Editorial: Putting toothpaste back in the tube
Michael Gold, Editor
HISTORIC CITY NEWS
Ever try to put the toothpaste back in the tube?
Once it squirts out, that’s it — you own it; and, like all the evils known to man that came gushing out of Pandora’s Box, once open, it’s not so easy to put things back the way they were and replace the lid.
The St Augustine City Commission is about to approve a new ordinance, after the nuisance of listening to public comments, that will amend the City Code regulating drinking in public — but the only people who will benefit are the operators of horse-drawn carriages.
St Augustine Police discovered that on Saturday, August 31, 2013, one carriage operator, The Tasting Tours LLC, was illegally advertising and providing alcoholic beverages to customers, and allowing those beverages to be consumed on the public streets, highways, sidewalks, parking lots or public parking lots of the City while they were riding aboard the company’s open-air carriages.
On September 3, 2013, after the incident with police, JoAnna P. Engel, co-owner of The Tasting Tours LLC, delivered a letter to the mayor, and each commissioner, admitting that their company has been doing tours with wine for three years.
“We are asking for help in modifying this ordinance to allow wine on the carriages only,” Engel wrote in her letter. “We feel that this small change will allow us to continue to showcase our beautiful city with our romantic tours.”
In the next sentence, Engle contradicts herself, saying, “Please understand, we are NOT trying to change the open container ordinance, we only wish to allow the carriages to operate under the Limo License and have wine.”
So, which is it? Are you asking for help “modifying this ordinance” and to make “this small change”, or, are you “NOT trying to change the open container ordinance”. Sorry, but you can’t be doing both, since your activity is a direct violation of the City’s Code of Ordinances.
Engle also wrote, “After some research we discovered that the city ordinance prohibits ANY open container with alcohol.” OK, that’s the whole point; it’s why the police stopped your carriage.
“When we opened our company, we were told, by more than one Carriage Company, that their “limo licenses” covered all wine consumption on board,” Engle wrote.

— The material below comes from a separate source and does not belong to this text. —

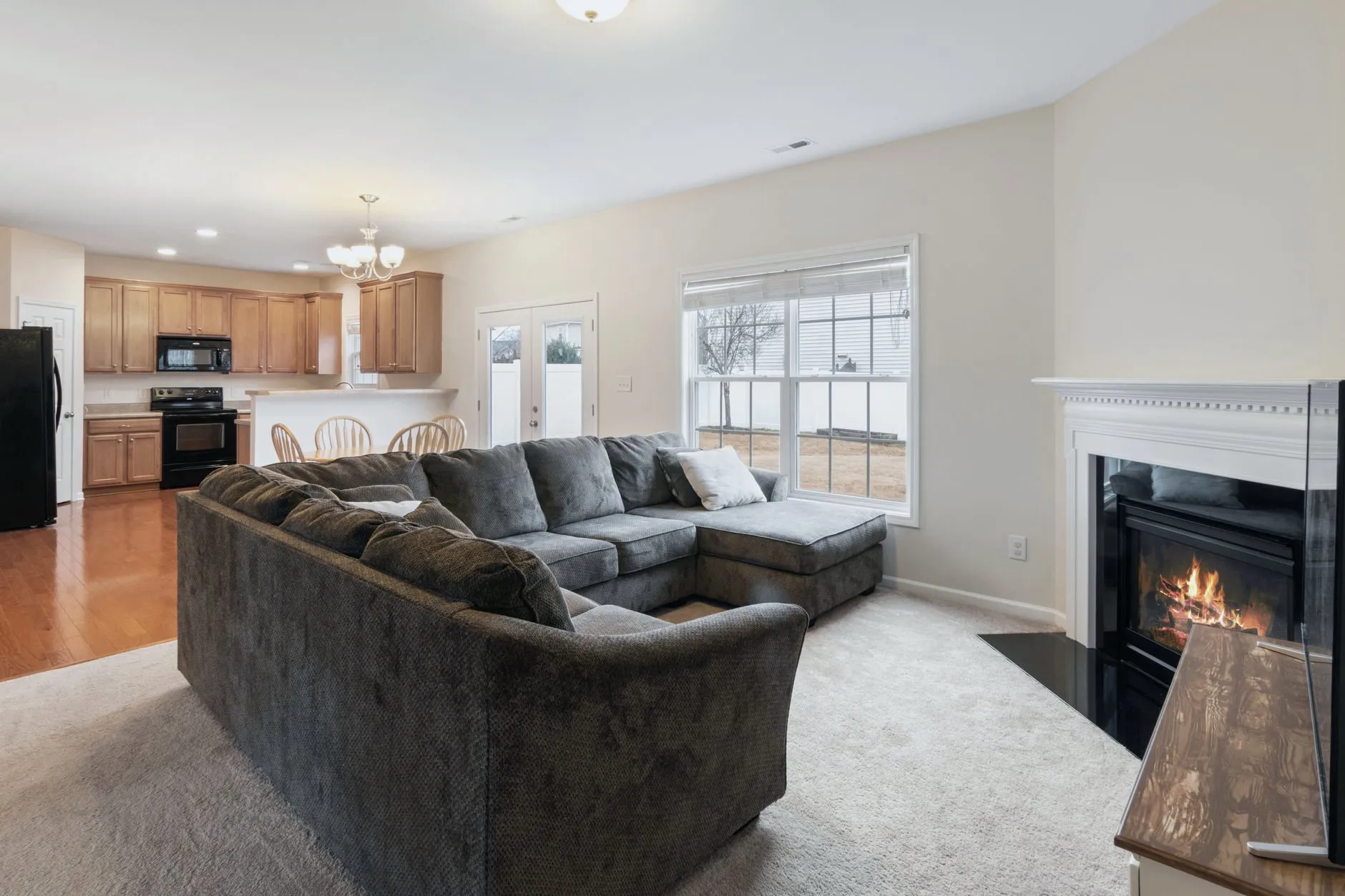 A carpeted family room with a sectional sofa and a fireplace
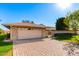 Charming single-story home with a brick facade, lush lawn, and a two-car garage at 10103 W Saddle Ridge Dr, Sun City, AZ 85373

Are you serious? You consulted a carriage company for legal advice? Really? So, now, you are consulting the City Attorney, Ron Brown, and city taxpayers are supposed to provide your business with free legal services? I don’t think so, in fact, I want to know why you weren’t cited or arrested on-the-spot.
“I contacted Ronald W. Brown, City Attorney, and was told that it seems someone has complained and now the ordinance must be enforced,” Engle wrote in her letter. “For years it was just not addressed and carriages were left alone to service the wedding industry and VIP guests with wine or champagne, but now all that has changed.”

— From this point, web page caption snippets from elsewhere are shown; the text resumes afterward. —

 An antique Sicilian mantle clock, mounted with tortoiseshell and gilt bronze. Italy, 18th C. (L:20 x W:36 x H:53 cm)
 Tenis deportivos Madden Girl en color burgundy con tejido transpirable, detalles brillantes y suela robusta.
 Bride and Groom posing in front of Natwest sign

Engle goes on to say that it was the City Attorney who suggested that she contact the commissioners and to ask for support to change this portion of the ordinance.
What the hell? You are allowed to openly violate the laws of our city over a three-year period and instead of prosecuting you, we are inviting you to invoke a political solution? If you don’t like the law, don’t obey the law and get the mayor to change the law?
Another concern residents should have is that if you make an exception for horse-drawn carriages, what are you going to tell other travel services vendors like the trains and trolleys? Don’t you think others will want to compete? The reason it hasn’t been done is because it is illegal. Law abiding businesses are working within the law, and it should be applied to everyone equally.
So much for toothpaste.
If you expect local business to abide by our local laws, you should attend the city commission meeting and speak against the expansion of open container laws to pacify a carriage driver. She should lose her carriage license, she should receive a citation, and she should cancel any bookings she has obtained by offering to provide an illegal service.
If you are planning to attend — the regular St. Augustine City Commission meeting will begin at 5:00 p.m. Monday and will be held in the Alcazar Room; on the first floor of City Hall, located at 75 King Street in St. Augustine. It will be broadcast live on Comcast Government TV (Cable Channel 3).